[Dataset excerpts — start]
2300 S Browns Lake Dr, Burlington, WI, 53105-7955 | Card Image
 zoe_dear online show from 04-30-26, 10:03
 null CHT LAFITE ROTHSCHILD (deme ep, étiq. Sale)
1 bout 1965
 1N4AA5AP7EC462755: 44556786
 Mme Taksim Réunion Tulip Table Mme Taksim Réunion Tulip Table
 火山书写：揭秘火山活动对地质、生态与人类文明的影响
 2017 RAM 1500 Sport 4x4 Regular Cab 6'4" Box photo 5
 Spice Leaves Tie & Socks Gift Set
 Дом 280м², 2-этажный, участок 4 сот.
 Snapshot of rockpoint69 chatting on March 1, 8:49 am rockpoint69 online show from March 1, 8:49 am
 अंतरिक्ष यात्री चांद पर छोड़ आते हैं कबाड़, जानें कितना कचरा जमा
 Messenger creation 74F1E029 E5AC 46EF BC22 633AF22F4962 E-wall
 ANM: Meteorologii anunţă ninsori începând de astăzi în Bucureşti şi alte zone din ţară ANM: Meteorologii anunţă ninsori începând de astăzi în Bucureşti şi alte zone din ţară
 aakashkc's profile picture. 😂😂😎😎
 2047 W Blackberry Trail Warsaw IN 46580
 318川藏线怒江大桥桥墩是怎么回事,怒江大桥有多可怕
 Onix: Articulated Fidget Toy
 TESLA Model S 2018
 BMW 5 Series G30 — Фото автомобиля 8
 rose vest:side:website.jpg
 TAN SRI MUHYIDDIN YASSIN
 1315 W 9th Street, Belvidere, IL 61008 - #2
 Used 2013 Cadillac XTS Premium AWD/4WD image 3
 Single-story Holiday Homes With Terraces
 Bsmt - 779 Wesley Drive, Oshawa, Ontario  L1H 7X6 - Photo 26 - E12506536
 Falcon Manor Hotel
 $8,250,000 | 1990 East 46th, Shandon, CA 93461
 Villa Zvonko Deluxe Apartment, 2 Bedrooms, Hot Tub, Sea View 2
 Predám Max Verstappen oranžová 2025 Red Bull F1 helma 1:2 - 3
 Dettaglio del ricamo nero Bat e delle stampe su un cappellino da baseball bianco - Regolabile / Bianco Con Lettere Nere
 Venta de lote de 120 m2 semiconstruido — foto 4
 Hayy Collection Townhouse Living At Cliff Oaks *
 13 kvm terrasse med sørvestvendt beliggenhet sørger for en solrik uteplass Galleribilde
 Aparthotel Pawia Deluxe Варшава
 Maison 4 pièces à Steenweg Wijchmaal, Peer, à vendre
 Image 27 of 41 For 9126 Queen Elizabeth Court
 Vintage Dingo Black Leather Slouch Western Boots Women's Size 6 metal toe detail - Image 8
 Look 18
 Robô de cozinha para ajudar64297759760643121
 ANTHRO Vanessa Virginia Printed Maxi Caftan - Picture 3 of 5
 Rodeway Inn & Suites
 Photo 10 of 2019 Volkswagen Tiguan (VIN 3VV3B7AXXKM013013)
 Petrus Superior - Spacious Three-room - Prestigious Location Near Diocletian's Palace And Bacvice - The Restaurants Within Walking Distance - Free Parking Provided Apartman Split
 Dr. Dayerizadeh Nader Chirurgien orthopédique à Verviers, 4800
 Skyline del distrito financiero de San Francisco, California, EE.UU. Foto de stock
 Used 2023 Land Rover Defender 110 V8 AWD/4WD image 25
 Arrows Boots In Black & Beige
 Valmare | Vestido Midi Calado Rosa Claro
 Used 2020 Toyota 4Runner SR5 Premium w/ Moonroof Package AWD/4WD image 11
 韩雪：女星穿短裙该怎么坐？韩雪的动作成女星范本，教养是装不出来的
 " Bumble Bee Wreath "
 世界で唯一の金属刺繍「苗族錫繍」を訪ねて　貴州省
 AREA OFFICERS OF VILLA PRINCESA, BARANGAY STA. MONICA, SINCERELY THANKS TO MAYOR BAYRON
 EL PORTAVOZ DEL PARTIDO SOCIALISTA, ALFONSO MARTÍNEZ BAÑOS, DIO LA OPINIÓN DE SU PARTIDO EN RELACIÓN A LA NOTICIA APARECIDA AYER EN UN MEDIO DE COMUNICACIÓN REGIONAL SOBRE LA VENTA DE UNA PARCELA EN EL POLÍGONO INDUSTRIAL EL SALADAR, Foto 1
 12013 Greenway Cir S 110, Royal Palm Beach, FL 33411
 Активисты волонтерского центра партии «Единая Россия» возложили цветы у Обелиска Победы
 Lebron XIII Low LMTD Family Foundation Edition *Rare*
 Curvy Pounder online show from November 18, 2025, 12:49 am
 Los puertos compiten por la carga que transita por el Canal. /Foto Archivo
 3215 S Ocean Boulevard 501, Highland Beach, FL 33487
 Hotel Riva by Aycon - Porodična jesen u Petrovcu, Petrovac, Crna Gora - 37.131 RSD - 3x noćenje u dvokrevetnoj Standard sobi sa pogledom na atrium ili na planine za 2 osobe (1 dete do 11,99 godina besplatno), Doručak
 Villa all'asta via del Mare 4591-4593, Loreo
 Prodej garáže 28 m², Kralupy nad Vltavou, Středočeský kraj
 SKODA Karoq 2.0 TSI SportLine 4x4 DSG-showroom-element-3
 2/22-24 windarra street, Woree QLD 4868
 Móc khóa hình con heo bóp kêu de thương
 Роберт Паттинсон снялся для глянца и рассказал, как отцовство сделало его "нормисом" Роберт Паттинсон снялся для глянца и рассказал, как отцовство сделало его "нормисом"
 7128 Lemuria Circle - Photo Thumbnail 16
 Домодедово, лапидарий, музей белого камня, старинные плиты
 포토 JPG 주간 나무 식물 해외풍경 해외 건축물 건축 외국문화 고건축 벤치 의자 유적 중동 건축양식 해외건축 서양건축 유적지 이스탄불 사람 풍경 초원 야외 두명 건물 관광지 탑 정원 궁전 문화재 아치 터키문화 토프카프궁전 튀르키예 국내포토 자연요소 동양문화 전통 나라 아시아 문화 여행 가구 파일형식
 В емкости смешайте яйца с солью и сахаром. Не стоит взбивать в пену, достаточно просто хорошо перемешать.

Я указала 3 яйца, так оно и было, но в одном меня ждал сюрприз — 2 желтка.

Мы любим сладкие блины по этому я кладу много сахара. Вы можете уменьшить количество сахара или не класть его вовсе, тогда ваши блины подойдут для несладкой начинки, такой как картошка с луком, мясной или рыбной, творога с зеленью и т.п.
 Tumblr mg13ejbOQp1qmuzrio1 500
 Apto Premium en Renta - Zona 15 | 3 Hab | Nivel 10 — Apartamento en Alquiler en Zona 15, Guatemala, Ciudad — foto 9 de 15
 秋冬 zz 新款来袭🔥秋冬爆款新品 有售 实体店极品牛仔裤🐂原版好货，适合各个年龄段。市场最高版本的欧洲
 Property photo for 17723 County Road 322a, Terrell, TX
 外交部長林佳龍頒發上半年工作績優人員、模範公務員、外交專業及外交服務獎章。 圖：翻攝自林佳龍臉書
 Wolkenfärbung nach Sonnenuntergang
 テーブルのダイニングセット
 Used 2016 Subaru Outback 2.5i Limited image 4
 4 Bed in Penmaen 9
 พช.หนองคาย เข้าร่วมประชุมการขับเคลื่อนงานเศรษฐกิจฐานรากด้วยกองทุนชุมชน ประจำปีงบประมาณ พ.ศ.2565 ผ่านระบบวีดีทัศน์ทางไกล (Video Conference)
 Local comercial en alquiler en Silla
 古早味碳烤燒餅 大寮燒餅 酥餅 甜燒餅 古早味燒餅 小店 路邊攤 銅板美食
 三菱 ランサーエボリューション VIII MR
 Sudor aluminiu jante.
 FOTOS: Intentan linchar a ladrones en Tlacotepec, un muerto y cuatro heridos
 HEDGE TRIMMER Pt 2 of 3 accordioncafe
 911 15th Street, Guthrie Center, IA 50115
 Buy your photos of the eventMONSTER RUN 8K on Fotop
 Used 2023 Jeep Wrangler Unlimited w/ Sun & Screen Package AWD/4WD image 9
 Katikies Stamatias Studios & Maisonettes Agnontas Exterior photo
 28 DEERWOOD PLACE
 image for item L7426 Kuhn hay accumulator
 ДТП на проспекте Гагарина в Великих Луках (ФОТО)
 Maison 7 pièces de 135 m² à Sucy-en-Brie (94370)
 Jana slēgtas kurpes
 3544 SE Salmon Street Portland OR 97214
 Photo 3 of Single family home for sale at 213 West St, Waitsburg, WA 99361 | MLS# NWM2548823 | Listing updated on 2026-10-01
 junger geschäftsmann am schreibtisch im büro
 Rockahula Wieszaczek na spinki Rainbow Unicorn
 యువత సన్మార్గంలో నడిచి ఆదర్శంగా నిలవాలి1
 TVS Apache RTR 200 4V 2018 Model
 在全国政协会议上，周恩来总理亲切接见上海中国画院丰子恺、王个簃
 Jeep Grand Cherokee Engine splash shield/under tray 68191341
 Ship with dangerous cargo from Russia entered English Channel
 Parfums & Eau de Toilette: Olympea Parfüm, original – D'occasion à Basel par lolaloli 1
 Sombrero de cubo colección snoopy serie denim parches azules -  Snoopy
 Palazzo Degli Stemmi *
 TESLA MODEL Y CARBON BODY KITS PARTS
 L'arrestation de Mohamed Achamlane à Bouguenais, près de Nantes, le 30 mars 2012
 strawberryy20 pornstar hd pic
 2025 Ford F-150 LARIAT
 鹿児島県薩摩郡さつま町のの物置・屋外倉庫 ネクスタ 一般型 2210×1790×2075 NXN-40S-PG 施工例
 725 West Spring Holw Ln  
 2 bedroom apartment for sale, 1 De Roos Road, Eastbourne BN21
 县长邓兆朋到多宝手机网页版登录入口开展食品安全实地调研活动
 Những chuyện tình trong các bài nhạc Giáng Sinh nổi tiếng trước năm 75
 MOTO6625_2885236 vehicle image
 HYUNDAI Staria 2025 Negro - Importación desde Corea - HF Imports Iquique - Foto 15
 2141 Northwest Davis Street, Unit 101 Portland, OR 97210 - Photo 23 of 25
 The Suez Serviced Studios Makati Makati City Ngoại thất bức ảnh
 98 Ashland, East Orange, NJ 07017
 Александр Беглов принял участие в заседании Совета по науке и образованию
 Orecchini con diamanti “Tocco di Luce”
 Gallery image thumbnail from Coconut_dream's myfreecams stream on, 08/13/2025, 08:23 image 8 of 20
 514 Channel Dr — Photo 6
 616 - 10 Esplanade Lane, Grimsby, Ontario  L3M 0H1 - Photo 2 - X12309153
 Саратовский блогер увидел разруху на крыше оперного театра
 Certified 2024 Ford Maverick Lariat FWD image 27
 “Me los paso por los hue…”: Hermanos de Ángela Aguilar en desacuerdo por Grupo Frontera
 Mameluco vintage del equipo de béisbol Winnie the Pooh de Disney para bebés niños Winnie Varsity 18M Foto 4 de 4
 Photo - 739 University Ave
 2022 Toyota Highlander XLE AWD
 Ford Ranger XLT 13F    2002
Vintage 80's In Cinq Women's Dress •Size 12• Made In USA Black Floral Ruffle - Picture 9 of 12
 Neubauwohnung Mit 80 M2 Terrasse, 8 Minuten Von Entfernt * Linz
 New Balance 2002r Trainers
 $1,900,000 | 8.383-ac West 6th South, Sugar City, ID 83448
[Dataset excerpts — finish]
**Activity:**
Lines from the one containing "Mameluco vintage del" through the final line of the entries above are to be output exactly; omit all others.

**Reply to the exercise:**
 Mameluco vintage del equipo de béisbol Winnie the Pooh de Disney para bebés niños Winnie Varsity 18M Foto 4 de 4
 Photo - 739 University Ave
 2022 Toyota Highlander XLE AWD
 Ford Ranger XLT 13F    2002
Vintage 80's In Cinq Women's Dress •Size 12• Made In USA Black Floral Ruffle - Picture 9 of 12
 Neubauwohnung Mit 80 M2 Terrasse, 8 Minuten Von Entfernt * Linz
 New Balance 2002r Trainers
 $1,900,000 | 8.383-ac West 6th South, Sugar City, ID 83448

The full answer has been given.